By Tony Ward, Director, StatCore
That makes sense. The role of an actuary requires creative thinking, problem formulation, communication skills, judgement, a moral code and domain knowledge. All which are hard to automate. Don’t get too comfortable though….
Will a data scientist take my job in the next two decades?
Almost certainly – and probably much sooner than expected in areas where predictive modelling is the dominant skill e.g. personal lines pricing and marketing. The shift towards data science has been recognised in the US with the Casualty Actuarial Society (CAS) introducing a speciality credential in data science. The transition is also underway in the UK with several insurers starting up specialist “data science” teams. Machine learning – a trademark skill of a data scientist will soon become the preferred method of building predictive models.

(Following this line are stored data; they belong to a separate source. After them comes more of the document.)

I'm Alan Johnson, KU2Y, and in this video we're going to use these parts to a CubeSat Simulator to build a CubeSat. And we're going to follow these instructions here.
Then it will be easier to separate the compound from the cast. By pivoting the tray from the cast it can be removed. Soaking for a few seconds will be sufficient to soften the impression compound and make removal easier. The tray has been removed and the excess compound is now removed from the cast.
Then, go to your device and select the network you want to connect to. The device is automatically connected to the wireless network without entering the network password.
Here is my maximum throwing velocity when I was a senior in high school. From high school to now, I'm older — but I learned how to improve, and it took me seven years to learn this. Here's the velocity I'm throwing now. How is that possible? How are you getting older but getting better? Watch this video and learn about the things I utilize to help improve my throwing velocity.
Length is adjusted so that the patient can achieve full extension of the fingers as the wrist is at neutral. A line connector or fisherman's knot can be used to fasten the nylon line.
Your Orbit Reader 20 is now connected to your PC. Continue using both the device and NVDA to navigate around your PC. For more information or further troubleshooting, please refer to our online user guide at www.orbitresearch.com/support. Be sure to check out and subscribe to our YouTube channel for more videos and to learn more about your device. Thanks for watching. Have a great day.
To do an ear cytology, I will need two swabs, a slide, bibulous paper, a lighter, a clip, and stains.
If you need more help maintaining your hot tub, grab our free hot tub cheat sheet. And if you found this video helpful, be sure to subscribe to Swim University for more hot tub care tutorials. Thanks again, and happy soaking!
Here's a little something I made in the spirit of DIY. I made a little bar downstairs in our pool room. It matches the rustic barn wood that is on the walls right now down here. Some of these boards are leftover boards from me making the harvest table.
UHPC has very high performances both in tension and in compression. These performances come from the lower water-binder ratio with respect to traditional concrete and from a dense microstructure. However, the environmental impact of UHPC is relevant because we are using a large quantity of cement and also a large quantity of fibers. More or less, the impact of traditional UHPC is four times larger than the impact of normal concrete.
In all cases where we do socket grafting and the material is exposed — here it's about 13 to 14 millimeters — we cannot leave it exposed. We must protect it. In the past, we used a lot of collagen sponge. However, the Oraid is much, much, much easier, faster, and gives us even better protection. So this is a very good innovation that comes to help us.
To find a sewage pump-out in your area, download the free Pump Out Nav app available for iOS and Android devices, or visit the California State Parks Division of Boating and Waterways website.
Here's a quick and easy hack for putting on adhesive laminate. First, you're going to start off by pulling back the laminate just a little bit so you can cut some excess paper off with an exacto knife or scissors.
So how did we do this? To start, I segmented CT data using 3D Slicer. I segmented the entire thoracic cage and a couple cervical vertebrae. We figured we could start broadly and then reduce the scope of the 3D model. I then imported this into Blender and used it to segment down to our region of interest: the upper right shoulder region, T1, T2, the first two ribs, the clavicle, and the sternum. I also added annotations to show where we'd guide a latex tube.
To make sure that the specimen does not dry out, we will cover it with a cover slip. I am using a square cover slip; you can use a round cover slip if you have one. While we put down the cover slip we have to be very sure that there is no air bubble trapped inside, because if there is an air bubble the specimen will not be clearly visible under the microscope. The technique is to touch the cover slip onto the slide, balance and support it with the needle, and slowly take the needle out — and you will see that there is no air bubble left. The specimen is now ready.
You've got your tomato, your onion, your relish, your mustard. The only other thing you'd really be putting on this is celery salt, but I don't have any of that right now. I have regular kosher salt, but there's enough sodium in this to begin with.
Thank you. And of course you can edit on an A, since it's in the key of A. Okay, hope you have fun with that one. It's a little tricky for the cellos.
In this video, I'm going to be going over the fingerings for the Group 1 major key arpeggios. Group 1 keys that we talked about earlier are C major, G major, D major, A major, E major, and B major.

Point and click Generalised Linear Modelling (GLM) – the current industry standard – will become the “old way of doing things”.
Hang on, aren’t actuaries the data scientists of the insurance world?
In 2012 the Harvard Business Review declared the Data Scientist role as “The sexiest job of the 21st Century”. Since then the job market for these professionals has gone through the roof, as businesses clamour to hire these rare “Unicorns” that promise to turn their big data into big profits.
It is therefore no surprise that many professionals have chosen to rebrand themselves as Data Scientists. So what is a data scientist? At times it feels there are more people writing about data science than actually doing data science, so I won’t go too deeply into definitions and semantics here. My personal view is that calling yourself a Data Scientist is a statement and to back up that statement requires expertise in the following areas.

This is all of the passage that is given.